• **REQUIRED WORK**
Would you repeat the listing below verbatim and drop the images?

• **INPUT DATA**
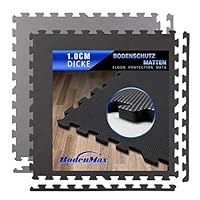 BodenMax Bodenschutzmatte 60x60x1cm – Eva Puzzlematte für Fitness, Heimtraining & Pool – rutschfest, stoßdämpfend – 12/48 Teile – Sportmatte, Turnmatte, Unterlegmatte in Grau & Schwarz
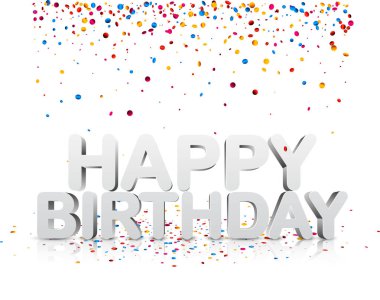 mutlu yıllar geçmiş konfeti ile.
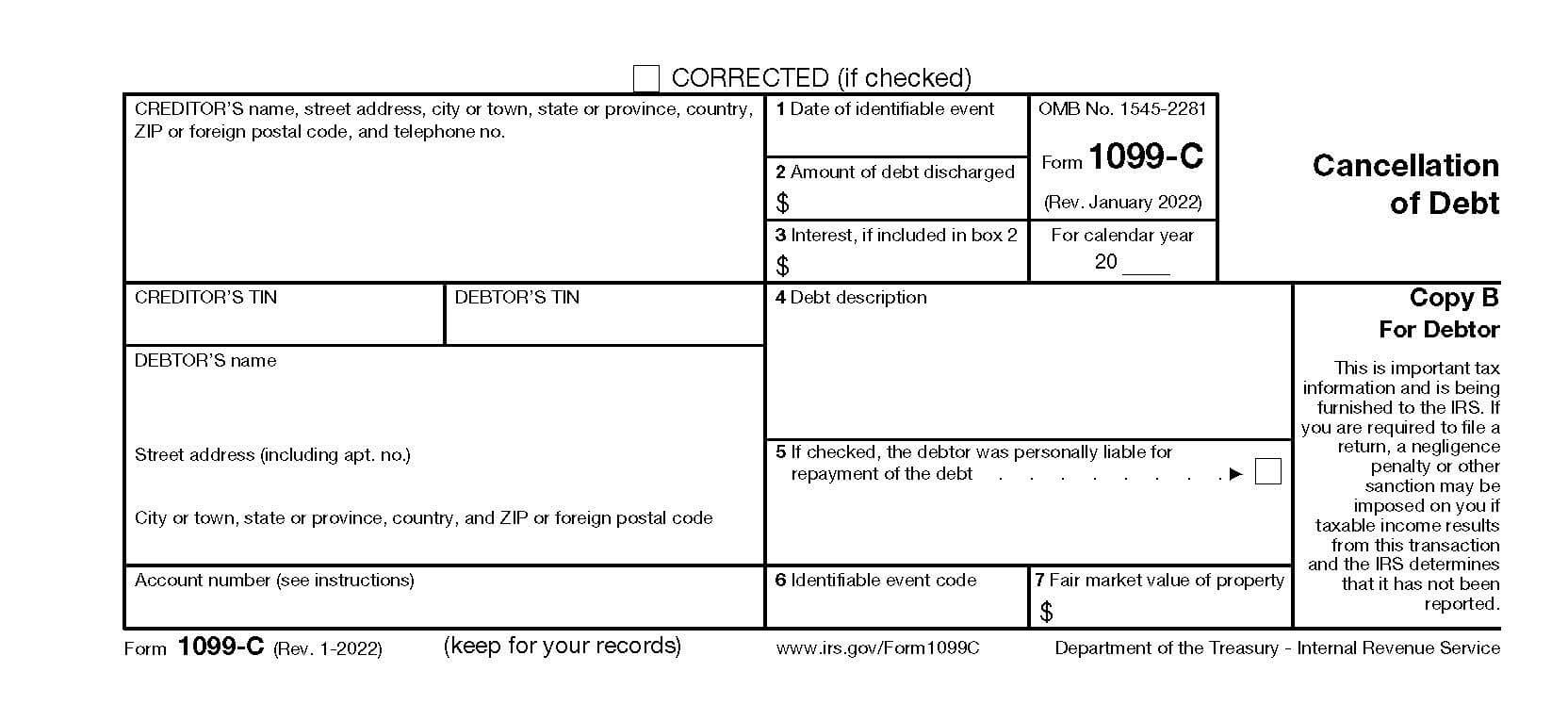 Ejemplo del formulario 1099-C del IRS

• **RESULT OF THE TASK**
 BodenMax Bodenschutzmatte 60x60x1cm – Eva Puzzlematte für Fitness, Heimtraining & Pool – rutschfest, stoßdämpfend – 12/48 Teile – Sportmatte, Turnmatte, Unterlegmatte in Grau & Schwarz
 mutlu yıllar geçmiş konfeti ile.
 Ejemplo del formulario 1099-C del IRS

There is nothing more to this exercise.